# Advanced Guide: Multi-GPU
This is a guide on how to use the multi-GPU functionality in **jz-tree**. All functionality works both in
cases with a single host and multiple GPUs (e.g. if you allocate 4 GPUs on a single node with 1 task)
or in multi-host multi-GPU setups (e.g. 4 nodes with 4 GPUs each with 16 tasks).

However, to start with a simple interactive scenario, this guide assumes you are executing this
interactively with a single host on a multi-GPU system. For a multi-host case, the main difference
is that you'd need to execute `jax.distributed_initialize()` at the beginning, as we will explain later.

Let us start by importing the relevant modules and by declaring a mesh that includes all available
GPUs:


```python
import jax
import jax.numpy as jnp
from jax.sharding import PartitionSpec as P 
import jztree as jz
from jztree_utils import ics
import numpy as np

mesh = jax.make_mesh((jax.device_count(),), axis_names=("gpus",), axis_types=jax.sharding.AxisType.Auto)
```

## shard_map in JAX
All the multi-GPU code in **jz-tree** is assumed to run from inside a [shard_map](https://docs.jax.dev/en/latest/notebooks/shard_map.html) in JAX. We will briefly reiterate the most important concepts here.

Normally, JAX takes a global perspective on arrays that are distributed across several devices,
and it permits calling global operations that may internally rearrange the data between
devices (i.e. it may change the 'sharding'). However, this model is not very useful for scenarios
where data may be padded and imbalanced between devices.

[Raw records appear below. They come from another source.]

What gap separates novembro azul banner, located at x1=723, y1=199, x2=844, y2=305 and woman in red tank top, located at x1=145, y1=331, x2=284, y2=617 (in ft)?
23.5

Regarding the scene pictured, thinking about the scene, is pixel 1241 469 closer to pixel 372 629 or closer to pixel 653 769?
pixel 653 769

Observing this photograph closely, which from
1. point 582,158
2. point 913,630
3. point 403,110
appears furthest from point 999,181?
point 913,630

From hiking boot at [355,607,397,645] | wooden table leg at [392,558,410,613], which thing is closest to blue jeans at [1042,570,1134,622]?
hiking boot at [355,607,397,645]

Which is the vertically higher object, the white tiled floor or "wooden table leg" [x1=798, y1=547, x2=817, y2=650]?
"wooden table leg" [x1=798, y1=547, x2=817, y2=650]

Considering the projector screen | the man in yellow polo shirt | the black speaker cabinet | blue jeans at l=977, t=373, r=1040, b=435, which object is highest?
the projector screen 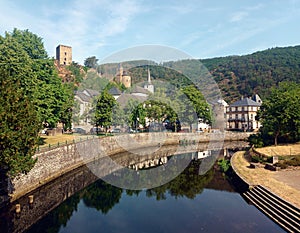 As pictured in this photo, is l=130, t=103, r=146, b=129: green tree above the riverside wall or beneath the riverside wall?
above

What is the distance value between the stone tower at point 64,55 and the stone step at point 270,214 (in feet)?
425

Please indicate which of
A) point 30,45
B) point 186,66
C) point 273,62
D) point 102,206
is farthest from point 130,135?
point 273,62

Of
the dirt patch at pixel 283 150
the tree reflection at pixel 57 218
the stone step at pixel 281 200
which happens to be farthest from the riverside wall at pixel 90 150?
the dirt patch at pixel 283 150

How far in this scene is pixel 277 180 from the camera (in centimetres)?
2212

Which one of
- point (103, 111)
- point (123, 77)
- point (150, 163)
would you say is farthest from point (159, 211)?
point (123, 77)

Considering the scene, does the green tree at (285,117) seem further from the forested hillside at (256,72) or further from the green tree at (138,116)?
the forested hillside at (256,72)

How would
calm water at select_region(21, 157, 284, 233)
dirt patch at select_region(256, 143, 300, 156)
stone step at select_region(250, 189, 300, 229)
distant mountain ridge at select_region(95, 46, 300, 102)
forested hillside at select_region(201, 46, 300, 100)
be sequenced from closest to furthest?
stone step at select_region(250, 189, 300, 229) < calm water at select_region(21, 157, 284, 233) < dirt patch at select_region(256, 143, 300, 156) < distant mountain ridge at select_region(95, 46, 300, 102) < forested hillside at select_region(201, 46, 300, 100)

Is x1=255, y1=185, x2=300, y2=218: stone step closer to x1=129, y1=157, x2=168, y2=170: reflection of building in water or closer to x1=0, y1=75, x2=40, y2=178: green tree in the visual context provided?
x1=0, y1=75, x2=40, y2=178: green tree

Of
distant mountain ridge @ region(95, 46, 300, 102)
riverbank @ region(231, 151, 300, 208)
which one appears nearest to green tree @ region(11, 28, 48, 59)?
riverbank @ region(231, 151, 300, 208)

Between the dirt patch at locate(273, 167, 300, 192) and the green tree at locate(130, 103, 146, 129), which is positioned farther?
the green tree at locate(130, 103, 146, 129)

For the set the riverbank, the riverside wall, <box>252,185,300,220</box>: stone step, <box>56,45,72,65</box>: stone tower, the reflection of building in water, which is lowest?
the reflection of building in water

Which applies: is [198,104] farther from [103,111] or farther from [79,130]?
[79,130]

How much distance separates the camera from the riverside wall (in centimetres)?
2338

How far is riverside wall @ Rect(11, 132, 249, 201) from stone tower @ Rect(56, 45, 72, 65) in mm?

A `shard_map` instead allows writing a program locally from the perspective of a single device
(i.e. we only see locally available data), and it allows us
to declare explicit communication directives between devices. The context inside a `shard_map`
is very similar to that of an MPI program. The `shard_map` is an interface that switches
between the perspectives.

Consider the following example:


```python
@jax.jit
@jax.shard_map(in_specs=P(), out_specs=(P("gpus"), P("gpus"), P()), mesh=mesh)
def f(seed):
    # Here, we write code from the perspective of one GPU
    # that may communicate with others

    rank = jax.lax.axis_index("gpus")
    pos = jax.random.uniform(jax.random.key(seed + rank), (10000, 3))

    loc = jnp.sum(pos**2)
    total = jax.lax.psum(loc, axis_name="gpus")

    print("inside", jax.typeof(pos), jax.typeof(loc), jax.typeof(total))

    return pos, loc.reshape(1,), total

pos, loc, total = f(0)

print("outside", jax.typeof(pos), jax.typeof(loc), jax.typeof(total))
```

    inside float32[10000,3]{V:gpus} float32[]{V:gpus} float32[]
    outside float32[40000,3] float32[4] float32[]


For each input and output of the function, we declare a partition spec that tells JAX how the
data is supposed to be split (in the input) or joined across the GPUs. `P()` means replication
across all GPUs (therefore, not changing the shape), `P("gpus")` means that the data should be
split in inputs and tiled in outputs along the "gpus" axis of the provided mesh. `None` can be used
to indicate a static parameter.

Inside the function, you can see that we create random numbers with different seeds on each device
and then we calculate on each GPU locally the sum of squares and later do `jax.lax.psum` (involving
communication) that gets us the global sum.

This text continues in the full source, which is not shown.